Charles Ellicott Commentary

1 Samuel 5:8

1819–1905
Anglican
SCRIPTURE

"They sent therefore and gathered all the lords of the Philistines unto them, and said, What shall we do with the ark of the God of Israel? And they answered, Let the ark of the God of Israel be carried about unto Gath. And they carried the ark of the God of Israel [thither]." — 1 Samuel 5:8 (ASV)

Gathered all the lords of the Philistines to them. — The Philistine federation seems to have been very powerful. Owing to the Israelites’ disinclination towards maritime pursuits and foreign commerce (King Solomon’s foreign commercial expeditions were apparently quite exceptional), the Philistines held in their hands a large proportion of Mediterranean trade.

The Mediterranean was the great highway between Eastern and Western nations, which no doubt led to their worship of Dagon, the fish-god. This worship seems to have been something more than mere “Nature worship”; it was the devotion of the Phoenician settlers on the seaboard of Syria and Canaan to a marine deity.

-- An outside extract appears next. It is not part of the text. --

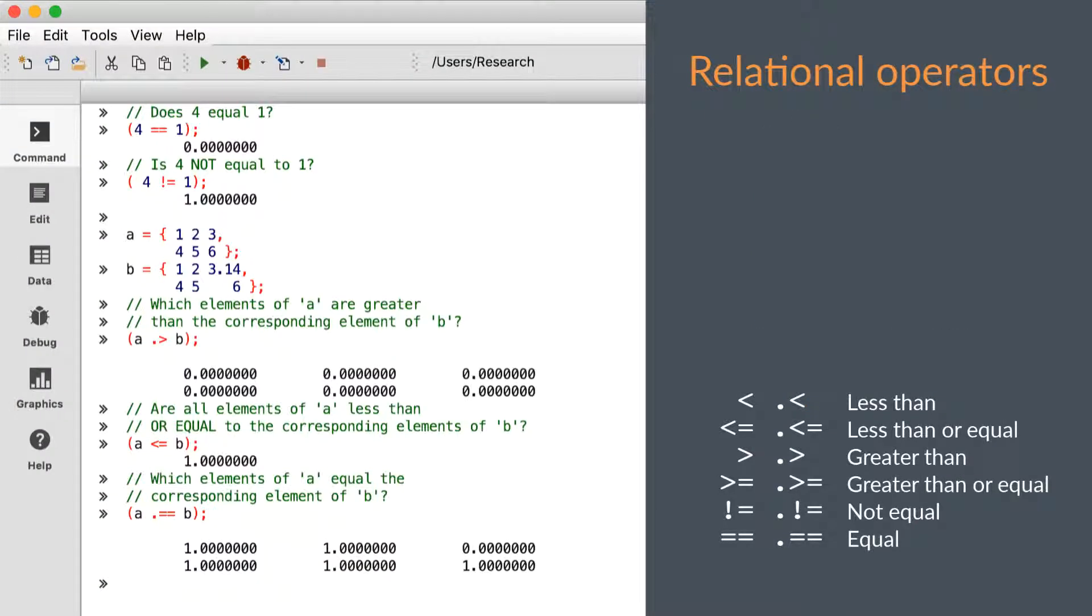Now we'll simply move through one screen of similar examples for the other operators. Feel free to pause the video if you want more time to view any of the operations that you see.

The constitution of Philistia was oligarchical; that is, the government was in the hands of a College of Princes, whose decision no individual could oppose. The princes (seranim) were the heads of the several city districts, which formed a confederation. Each of the five chief cities held a number of places, country cities, or “daughter” cities, as its special district. (See Erdmann in Lange’s Commentary.)

Dr. Payne Smith (Dean of Canterbury) offers an ingenious and scholarly derivation for the titular designation of these lords (Hebrew, seranim), in which, rejecting the usual root sar, a prince, he connects the word with seren, a hinge; “just,” he says, “as the cardinals of the Church of Rome take their name from cardo, which has the same meaning.”